Some of the Bouk family names I remember are the Brinkmans, Cashers (kids David and Paula), Crosbys (kids David, Selena, and Marlene), Mastantoneos (son Tony Jr. - I used to babysit him), Wrights (daughter Nancy, can't remember the son's name), Porters, Pipers (kids Tracy, Brian, and Jeffrey), and Smallwoods (kids Kevin, Audrey, and ?). Another thing about Bouk: it was pretty wild that the base was in the middle of a cork oak tree forest! Us kids loved climbing on the soft cork bark and swinging on rope swings on those huge oak trees!
Not too bad for memories from 40+ years ago!!! I still have many of the vinyl albums that I bought in the little base PX on Bouk. Spent lots of quarters and dimes in the little geedunk and 2-lane bowling alley too.

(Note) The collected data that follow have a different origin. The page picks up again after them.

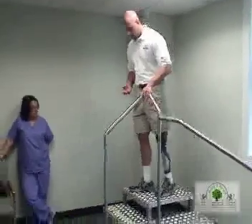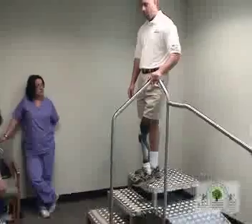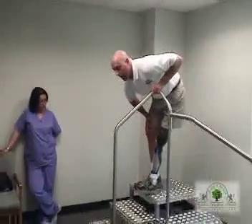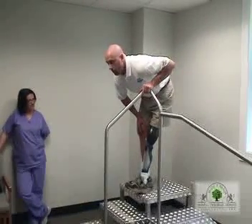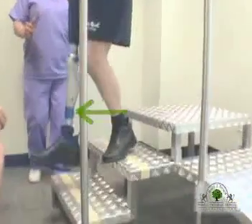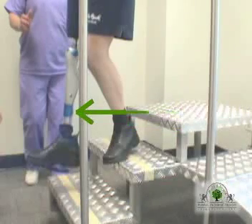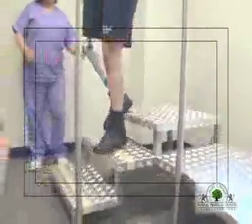So the thing with steps is only putting the back third of the shoe on the step. That way, when the knee is straight, there's no pressure on the toe. And then you just roll it off to the next step, and it stays in the same boat, to give you that resistance to ride it down.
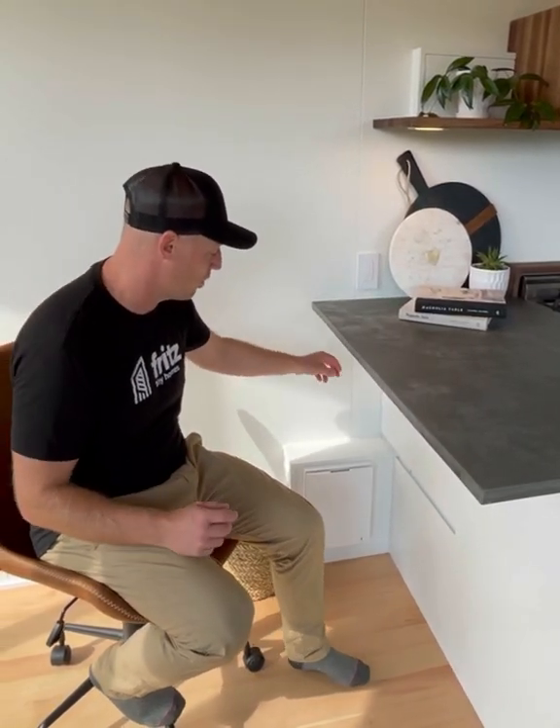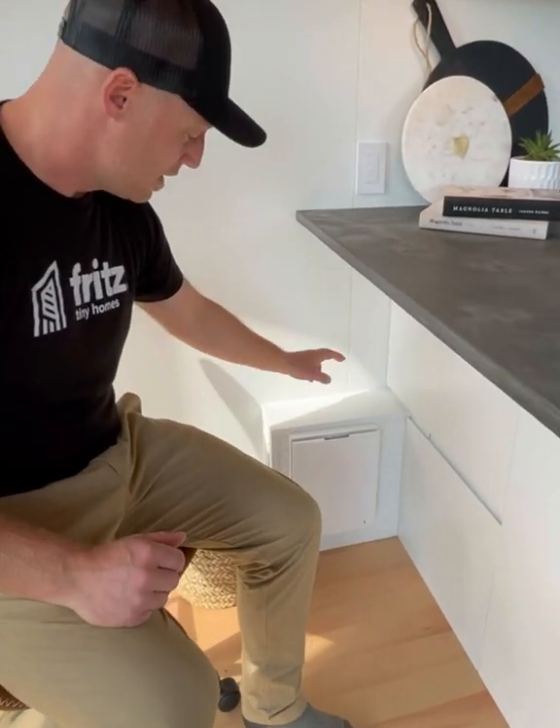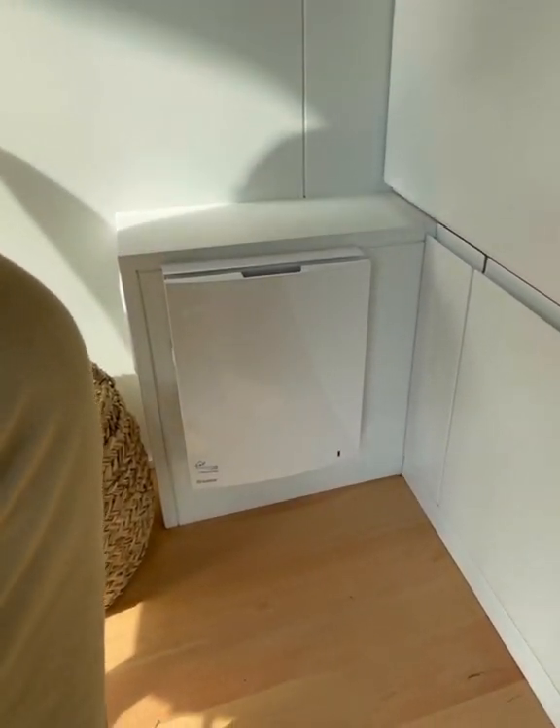A super important part of a tiny home, especially a well-built, well-insulated, tightly sealed tiny home, is ventilation. So what we have in these homes, and in all our homes, is a Blauburg Vento ERV.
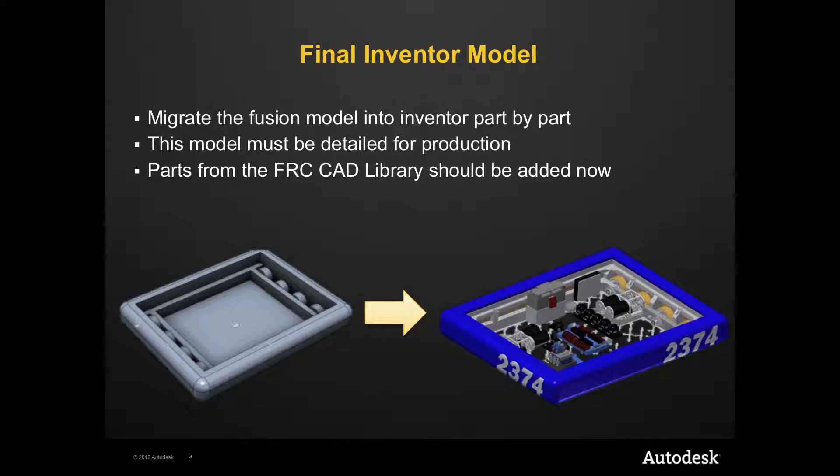Once the design is finalized, it can be migrated to Inventor to prepare for production. The Inventor model should be created piece by piece according to the less detailed Fusion model.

Who can forget the evening matinees to watch High Chapparal, Mannix, and other shows either. My first paycheck job was at Bouk in 1972 or 1973.... Worked part-time as a base librarian for minimum wage, I think $1.72 an hour!
The Christmas holidays there were very special times - spent them with the Mendez family and the Reeds. Bob, Pat, Terry, and Sheila Reed were our "adopted" Uncle, Aunt, and cousins. One of my best friends there was Lon McGuffin, who's family lived downtown for a while and then I think moved to Kenitra. Ok, I think I have rambled on enough for now. Thanks again for this amazing site and the trip down memory lane!